◆ **TASK**:
Of the lines listed below, return exactly those that run from the line containing "Charles Clinkard Hey" through the line containing "Veterschoenen ZWART", both included.
═══ PROVIDED RECORDS ═══
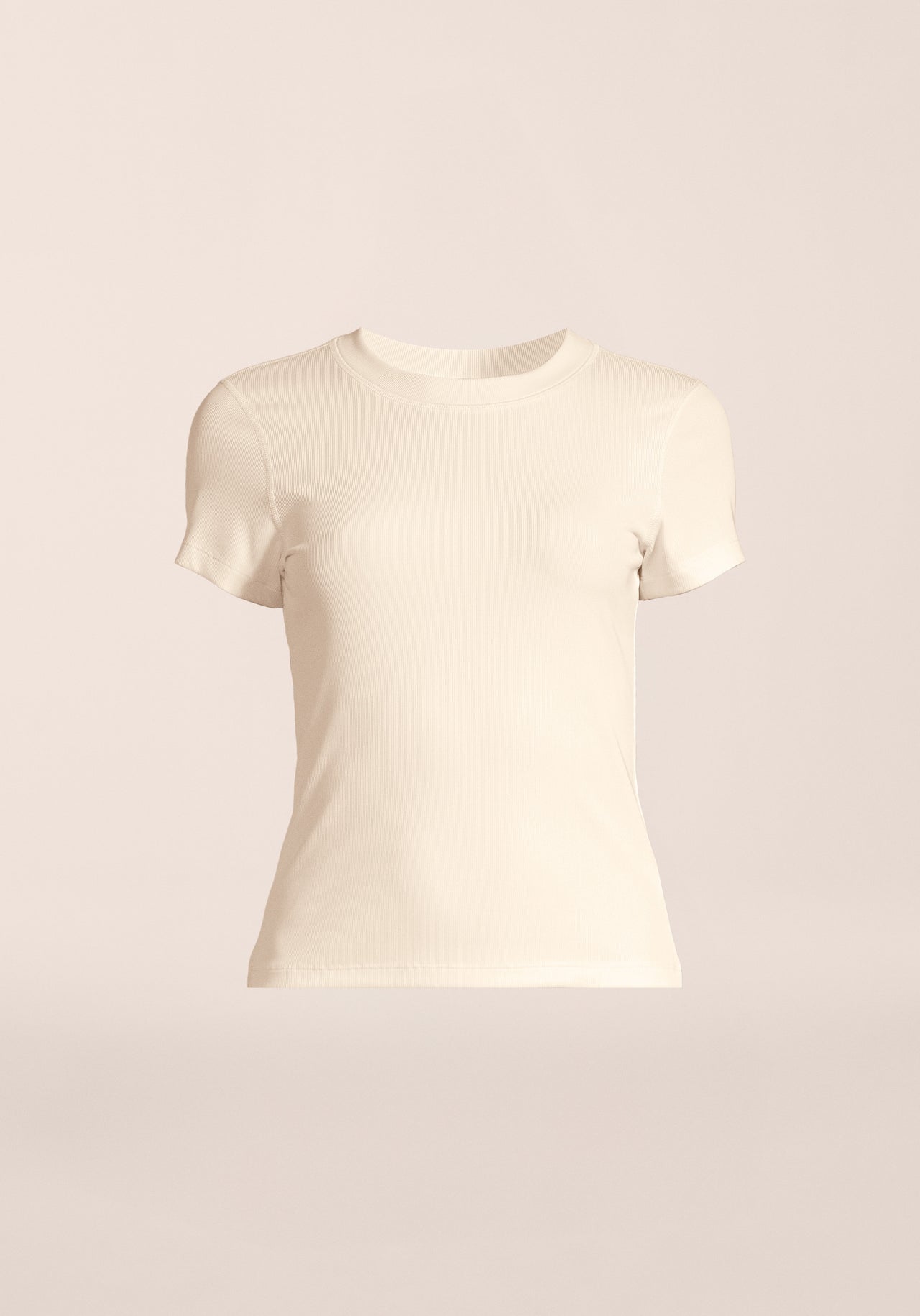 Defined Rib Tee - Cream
═══
═══ PROVIDED RECORDS ═══
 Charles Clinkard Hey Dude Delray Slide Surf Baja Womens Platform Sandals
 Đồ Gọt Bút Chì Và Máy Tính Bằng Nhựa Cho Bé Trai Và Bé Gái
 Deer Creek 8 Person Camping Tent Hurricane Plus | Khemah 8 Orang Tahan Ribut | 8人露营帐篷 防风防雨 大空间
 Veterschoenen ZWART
═══
═══ PROVIDED RECORDS ═══
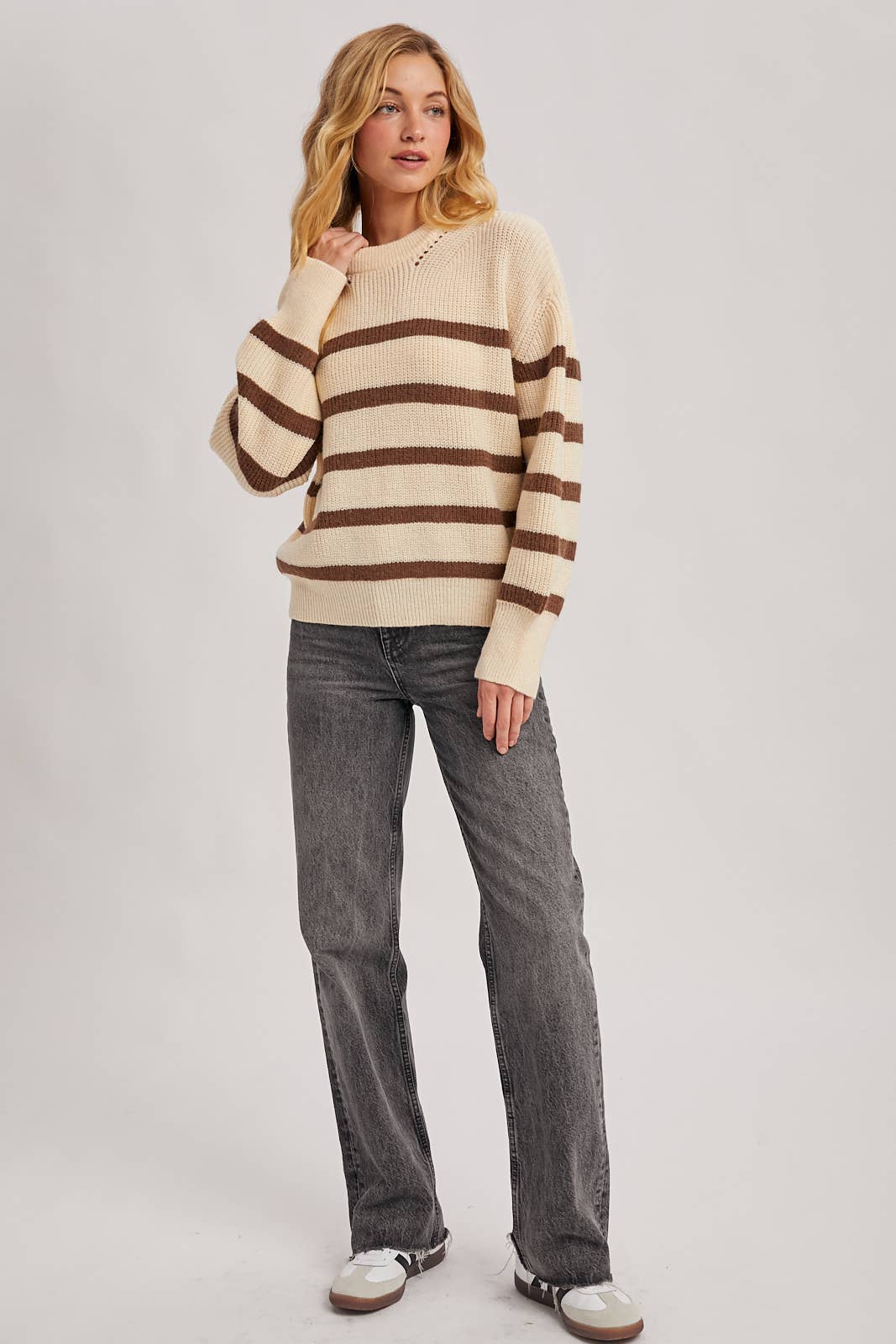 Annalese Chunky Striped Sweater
═══
◆ **EXERCISE RESPONSE**:
 Charles Clinkard Hey Dude Delray Slide Surf Baja Womens Platform Sandals
 Đồ Gọt Bút Chì Và Máy Tính Bằng Nhựa Cho Bé Trai Và Bé Gái
 Deer Creek 8 Person Camping Tent Hurricane Plus | Khemah 8 Orang Tahan Ribut | 8人露营帐篷 防风防雨 大空间
 Veterschoenen ZWART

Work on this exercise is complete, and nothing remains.